Des gains environnementaux majeurs, concernant notamment l’émission de particules fines
Cette révolution du télétravail provoquera-t-elle une mutation démographique et des déménagements en nombre, allant des grandes centre urbains vers les villes moyennes ou la campagne ? Il est bien sûr trop tôt pour l’assurer mais un constat est particulièrement marqué en Île-de-France, région la plus peuplée et concentrée de France où, indique Actu-Environnement, 45 % de ses habitants souhaiteraient quitter la région, selon une enquête publiée en 2018 par le même Forum Vies Mobiles. Motivations invoquées : les rythmes de vie trop stressant, la pollution, le coût de l’immobilier, le temps passé dans les transports ou le trafic automobile.

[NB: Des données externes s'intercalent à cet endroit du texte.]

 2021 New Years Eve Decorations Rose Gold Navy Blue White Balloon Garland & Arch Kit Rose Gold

D’après l’Ademe, l’agence de la transition écologique, 74 % des salariés français se rendent en voiture au travail, 11 % en transport en commun. En Île-de-France, 41 % des salariés utilisent leur voiture pour aller au bureau, malgré une offre de transport en commun pléthorique mais très saturée. Alors que le trafic routier est le premier contributeur de l’émission de gaz à effet de serre en France (30 % des émissions), le télétravail concourt-il à limiter ces émissions ?, interroge Remi Pin dans Actu-Environnement.
L’Ademe avait tenté de répondre à la question en 2015. Une étude menée par l’agence avançait que le télétravail permet « de réduire d’environ 30 % les impacts environnementaux associés aux trajets domicile-bureau ». Un gain qui atteint jusqu’à 58 % pour les émissions de particules fines. « Sur 2,9 jours télétravaillés par semaine, cela représente une économie potentielle de 787 kg de CO2 par individu et par an (contre environ 12,2 t de CO2 au total par individu et par an) », précisait l’étude. En extrapolant à l’échelle d’une entreprise de 1 000 salariés, télétravailler un jour par semaine permettrait d’éviter l’équivalent des émissions annuelles de gaz à effet de serre d’environ 37 Français.

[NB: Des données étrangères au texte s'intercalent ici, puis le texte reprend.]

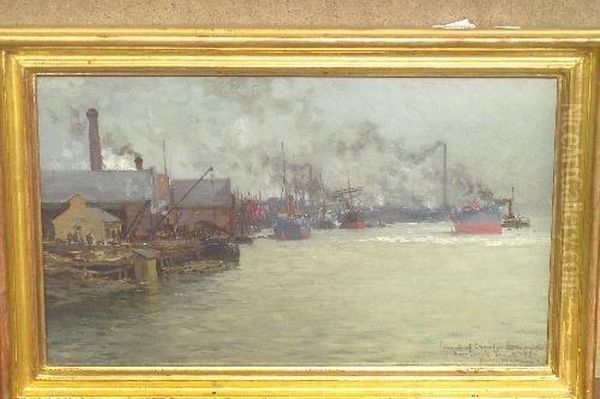 Launch Of Cruiser Esmeralda New-castle June 6th 88 Oil Painting by Edith Martineau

« Le télétravail libère du temps pour d’autres déplacements non liés au travail et rend acceptable des trajets domicile-travail plus importants car moins fréquents, précise Sylvie Landriève. Pour comprendre le rôle du télétravail dans la transition écologique, il convient de mener une réflexion sur la manière dont le temps libéré est utilisé, et sur les cadres de vie auxquels sa pratique donne accès ».
L’Ademe sortira cet été une étude sur les effets du télétravail sur les modes de vie et les déplacements associés, indique Actu-Environnement. « Les travaux en cours montrent de nouvelles externalités positives, explique Jérémie Almosni de l’Ademe. Le télétravail peut redéfinir des réseaux de proximité, et offre aux territoires la possibilité de se revitaliser ». Les ventes en circuit-court ou les centres désertés des petites villes pourraient donc bénéficier d’un essor du télétravail.
C’est donc, à l’évidence, une révolution plus large du mode de vie qui, du transport au logement et au lieu d’habitation, est induit à terme si le télétravail continue à avoir les faveurs, convergentes, des salariés et des des chefs d’entreprise.